2nd movement: your fingers
When you took my hand and led me towards the music hall, I didn't know you'd be leading me out of my purgatory.
"You should come too," you had said, gently. I could only stare at you in surprise, but you smiled and stepped forward, starting our journey.
I still remember the warmth of your hands. With your fingers clasped around my hands, you led me back to the origin of my childhood memories, step by step. Just like how my mother once held my hand to stop my nervous shaking, you took away my worries with your delicate fingers. No— it wasn't the same. It was a different kind of feeling from my mother. Her touch calmed me, reassured me, and stopped my nervous breakdowns. But you— you were something different altogether. Taking your hand made my heart speed up like a speeding jet coaster, plunging from an unthinkable height. My fingers tingled from the feeling of yours around them. I couldn't hide my surprise; you were simply unpredictable. But there was another thing that surprised me that day—
I never knew how soft a girl's hands could be.
You held on to my hand until we reached the hall.

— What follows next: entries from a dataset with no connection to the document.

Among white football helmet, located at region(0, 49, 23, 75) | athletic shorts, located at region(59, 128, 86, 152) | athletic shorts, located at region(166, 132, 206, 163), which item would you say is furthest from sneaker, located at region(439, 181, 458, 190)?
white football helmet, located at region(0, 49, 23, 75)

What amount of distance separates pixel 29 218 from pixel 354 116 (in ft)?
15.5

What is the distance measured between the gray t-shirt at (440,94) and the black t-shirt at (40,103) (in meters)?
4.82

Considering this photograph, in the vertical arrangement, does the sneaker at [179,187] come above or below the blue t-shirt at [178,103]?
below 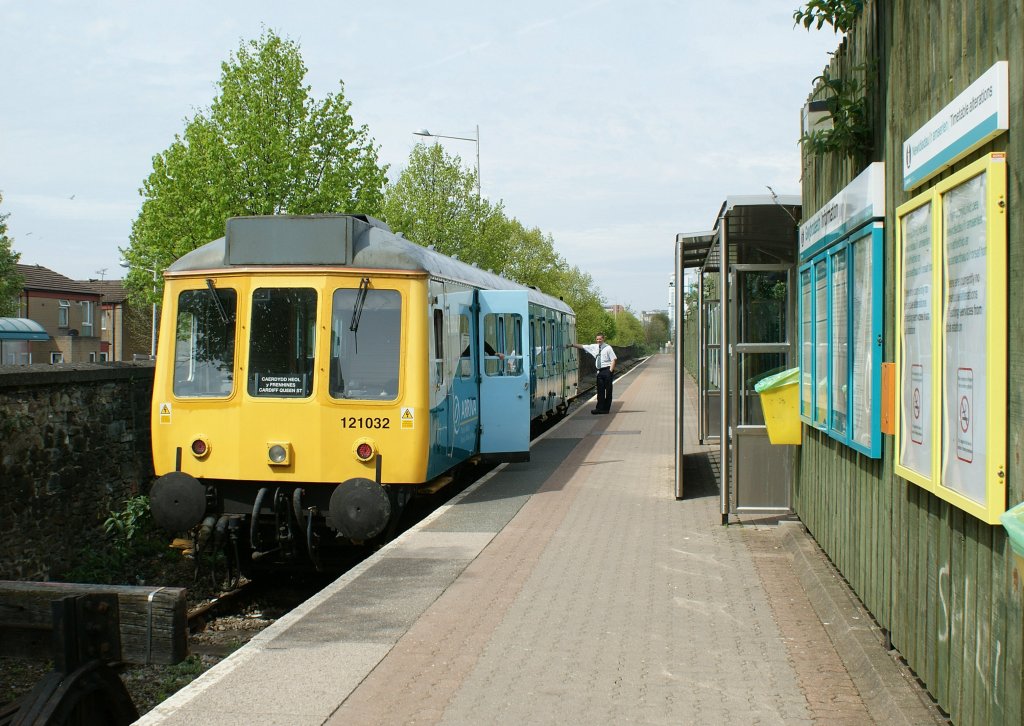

With a look of slight disappointment, you let go of me. Now that I think about it, I'm sure I had the same expression.
When you first stood upon the stage that was so familiar to me and held that violin in your hands, I didn't know what I was in for. I thought it was going to be just another ordinary violin performance. But when you played the very first note of Beethoven's Kreutzer, something within me changed. The piece you played was, without a doubt, Kreutzer, but it was no longer Beethoven's; it was yours. My mother's teachings of the need to play according to the sheet, what earned me the name of "Human Metronome", seemed to crumble into pieces. You were the one that broke me into a million pieces, and the one that reconstructed me from those very pieces. Violent and stubborn, holding a terrible personality, leaving the worst first impression, yet you… You were so beautiful.
When you stood upon that stage, you made the concert hall yours. You captivated everyone's attention just as if you had special abilities, and you produced a performance that changed a contest into a recital.
You were the one that pulled me back onto my feet. I had never felt as genuinely happy before during a performance as I felt when I played alongside you. You filled me up with a power that I couldn't describe, and that power would only overflow time and time again as I stood upon the stage.
"You have a pianist's hands," you told me once as you put your palm against mine. You didn't see how much my heart thumped as I felt the softness of your palm. It was true; compared to yours, my hands were much bigger. But yours was small, delicate, like a daisy in the springtime.
But just like the wind that ruthlessly rips away the life of a daisy, fate took away your treasure.
Your hand that once gripped the violin with such life and emotion fell limp at your side, and that was when you felt the despair crash down on you. We are musicians. We live and breathe along with music. Music was freedom itself, so what was life after losing the ability to play?
"A violinist that can't even hold her bow…is meaningless," you said, holding back the tears that threatened to roll down your cheeks. But you were wrong. You were the one that pulled me back onto the stage. You showed me how dazzling the spotlights were, how good it felt to hear the cheers of the audience, and how beautiful playing a piece according to your heart was. You taught me how to live again.
You guided me out of purgatory, so why did you go to heaven first?
I swear, I fell in love with Your Lie in April all over again when I was writing this. I had to re-watch many episodes of the anime, and I experienced that feeling of heartbreak and love at the same time again. I just love this anime so, so much. I hope you liked this chapter, and thank you for reading.